Listed entries:
____
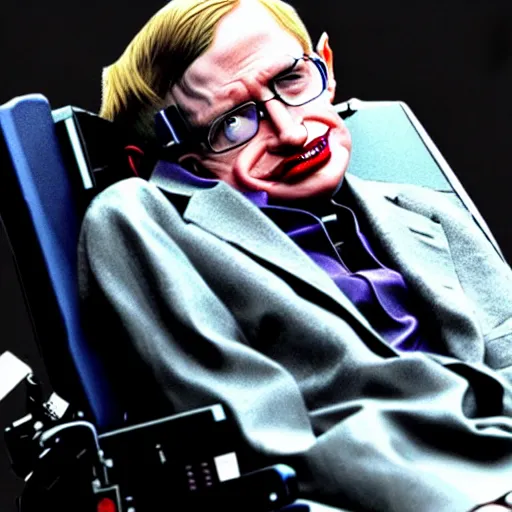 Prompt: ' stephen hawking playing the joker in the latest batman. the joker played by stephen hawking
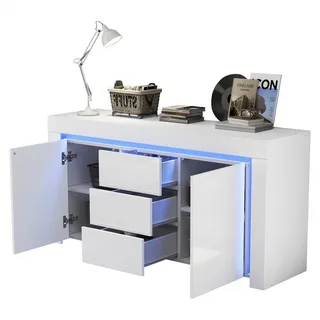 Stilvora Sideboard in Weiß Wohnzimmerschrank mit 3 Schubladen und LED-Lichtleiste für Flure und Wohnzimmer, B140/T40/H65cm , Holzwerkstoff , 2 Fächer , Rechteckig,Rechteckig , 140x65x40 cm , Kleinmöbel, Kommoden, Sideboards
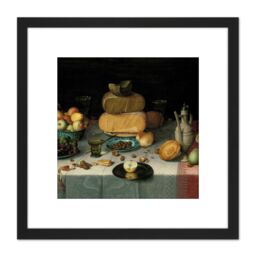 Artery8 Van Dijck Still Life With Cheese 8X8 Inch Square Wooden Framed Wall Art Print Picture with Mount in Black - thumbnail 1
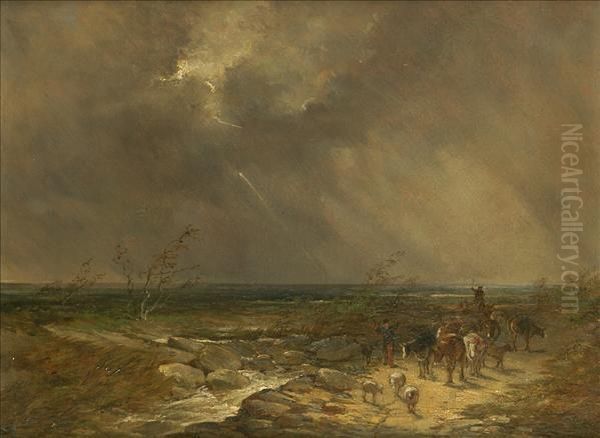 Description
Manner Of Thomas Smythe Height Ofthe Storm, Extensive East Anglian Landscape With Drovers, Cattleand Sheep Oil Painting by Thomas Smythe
____
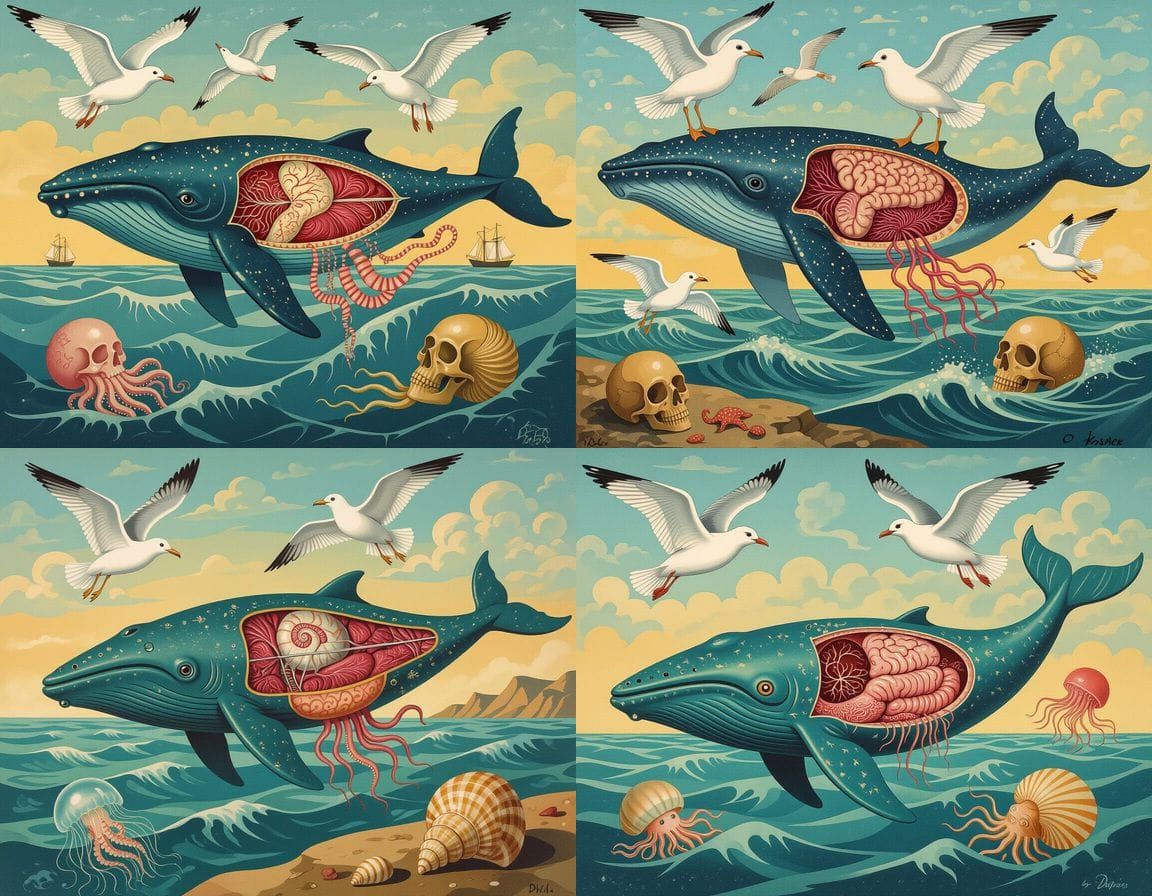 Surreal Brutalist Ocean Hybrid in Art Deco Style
____
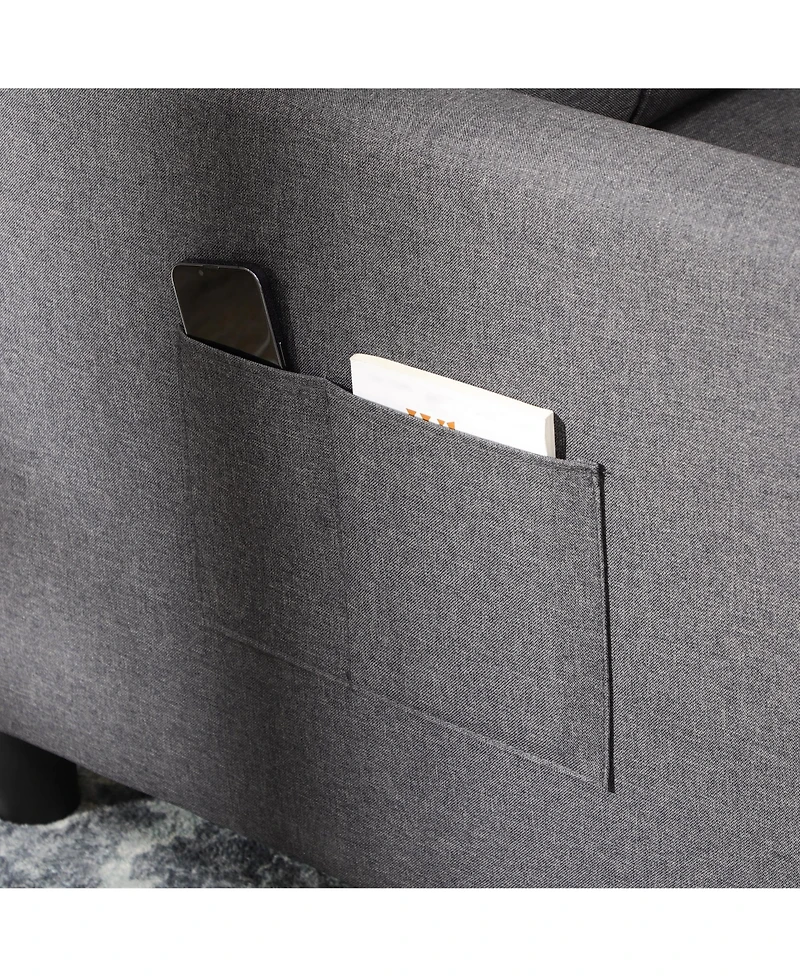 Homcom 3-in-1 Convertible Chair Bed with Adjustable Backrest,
____
Assignment: Beginning with the line above that has "Artery8 Van Dijck" and going on through the line that has "Manner Of Thomas", retype every line exactly and add nothing else; drop the pictures.

Reply:
 Artery8 Van Dijck Still Life With Cheese 8X8 Inch Square Wooden Framed Wall Art Print Picture with Mount in Black - thumbnail 1
 Description
Manner Of Thomas Smythe Height Ofthe Storm, Extensive East Anglian Landscape With Drovers, Cattleand Sheep Oil Painting by Thomas Smythe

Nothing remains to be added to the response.